El Muro de Protección Antifascista y la casa del terror

El muro de Berlín, bautizado oficialmente como “Muro de Protección Antifascista” por la República socialista Democrática Alemana o RDA, fue erigido el 13 de agosto de 1961.

El muro como metáfora en ladrillo del intento de dividir y fragmentar a los hombres en su esencia, funcionó durante 28 años de resistencia agotadora, de labor primero clandestina y luego a la luz del diálogo y de la determinación de los valores humanos y sobre todo espirituales de los hombres y los líderes de ese momento, cuando el 9 de noviembre de 1989 (hace apenas 24 años) se anunció su fin. Digo metáfora de ladrillo, porque en realidad lo que estaba dividiendo ese muro era el alma y el pensamiento de un mismo pueblo, que por circunstancias de la violencia y de la guerra vivieron la represión y el aislamiento en su máxima expresión. Aquel que cruzara ese muro, simplemente moría asesinado por el ejército que servía al régimen totalitario que regía y se apoderó de las vidas y de los destinos de ese pueblo desamparado.

En mis viajes por Praga y Budapest en los años 2006 – 2007, ya derrumbada la “cortina de hierro”, pude visitar los llamados museos de la represión y de la muerte que en la Europa Oriental de hoy día han llamado “Casas del terror”. No voy a hacer aquí un inventario de las cosas, los símbolos y las historias que se han catalogado con esmero en esos espacios.

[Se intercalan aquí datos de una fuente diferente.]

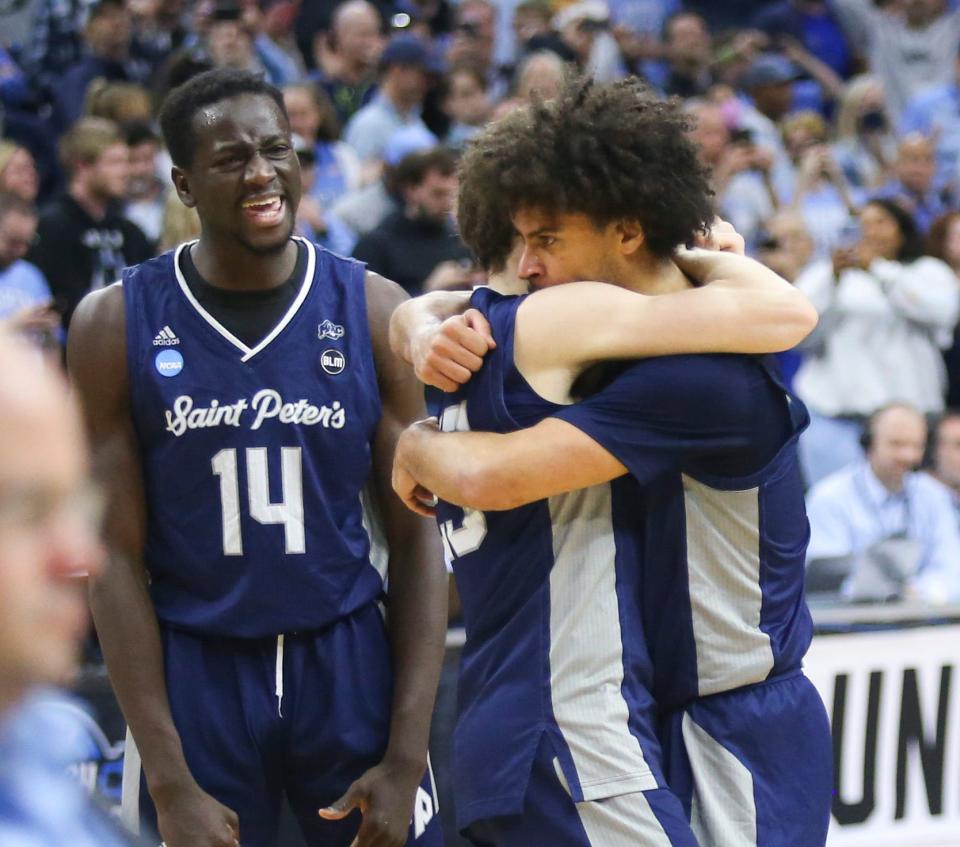 Saint Peter's Hassan Drame (14) celebrates as Doug Edert (center) and Daryl Banks III embrace after the Peacocks' 67-64 win against Purdue.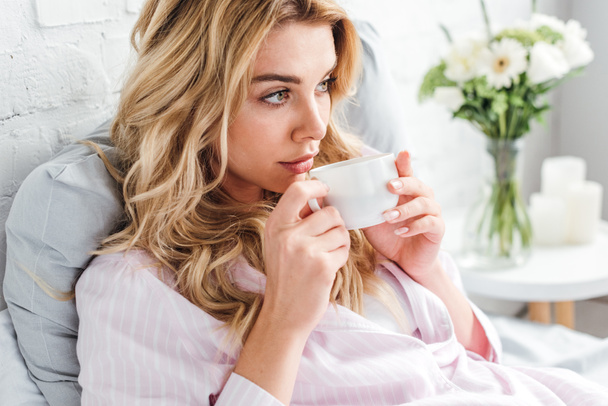attractive woman holding cup with coffee in bed  - Photo, Image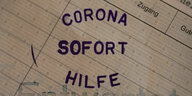 Ein gestempeltes Dokument mit der Aufschrift "Corona-Soforthilfe"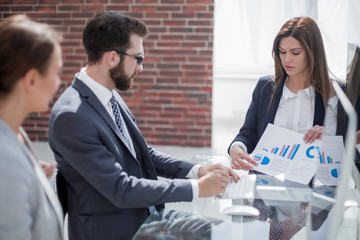 business team is discussing the financial report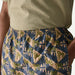 Palm print board shorts with navy, green, and pink design for watersports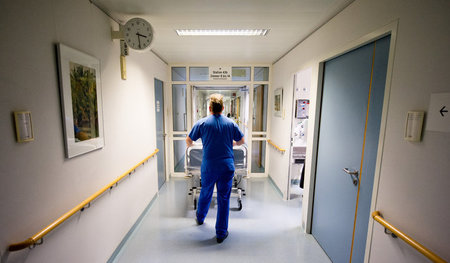 Ohne Unterstützung rollen Pflegekräfte Betten über die Krankenha...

Quiero resaltar el motivo que han tenido esas sociedades para ello, pues no solo vi en las visitas a esos museos, gente mayor que vivieron de manera directa los horrores de la guerra, de la represión y el acoso de un gobierno militar-totalitario, sino que pude observar a una juventud plural y mezclada que por sus propios medios asistía y recorría el lugar. Por curiosidad, me acerqué a una muchacha húngara para preguntarle (en inglés) el motivo de su visita, del por qué los húngaros jóvenes iban a recordar ese pasado tan abominable, y ella me respondió sin dudar un instante: “es un espacio que hemos construido para que nunca se nos olvide lo que es no vivir en libertad, y lo que es vivir en terror”

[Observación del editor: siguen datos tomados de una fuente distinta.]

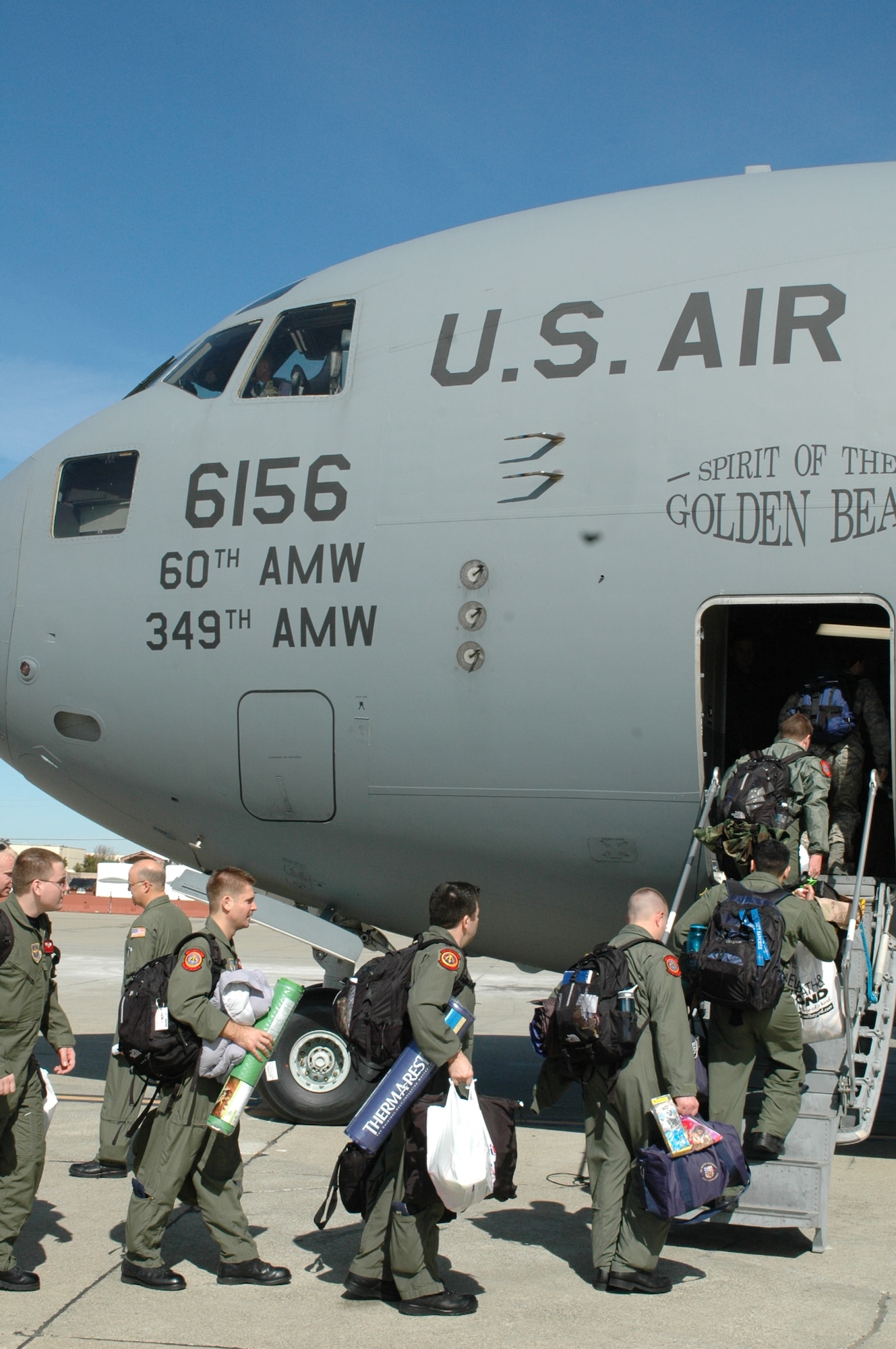 Airmen from the 21st Airlift Squadron board a C-17 Globemaster III during the squadron’s first ever collective deployment in support of the Global War on Terrorism. (U.S. Air Force photo/Tech. Sgt. Matthew McGovern)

Hoy en día, creo y tengo la certeza cada vez más fuerte, que las sociedades avanzan (aunque ese avance signifique retroceder a veces para aprender de los errores) de manera indetenible hacia valores supremos de la humanidad. Creo en la espiritualidad del alma humana, en su capacidad de descubrir siempre el camino de su evolución, aunque a veces solo nos ilumine una vela en el medio de la noche. No son los gobiernos (no deberían llamarse así) si no la sociedad en cada uno de sus componentes quien debe crear esa conciencia colectiva que permita la convivencia armónica de los hombres entre sí. La función de los gobiernos es precisamente esa: la de armonizar y mantener viva y vibrante a la sociedad en cada uno de sus aspectos, a través de esas premisas mínimas que hemos aprendido a través de la historia y que hemos venido llamando desde los Griegos “Democracia”.

En estos días, así como la juventud de la Europa Oriental ha recobrado su pureza perdida, nuestra juventud y en concreto los estudiantes, están dando la evidencia de todo lo que he expresado a través de mi fe en la humanidad. Esta vez son los jóvenes venezolanos. Ojalá nunca tengamos que hacer museos de la memoria, en donde tengan que ir para no olvidarse de la libertad como valor supremo de la vida o de la pesadilla que el hombre puede crearse a sí mismo a través del terror. Qué Dios bendiga a esos muchachos.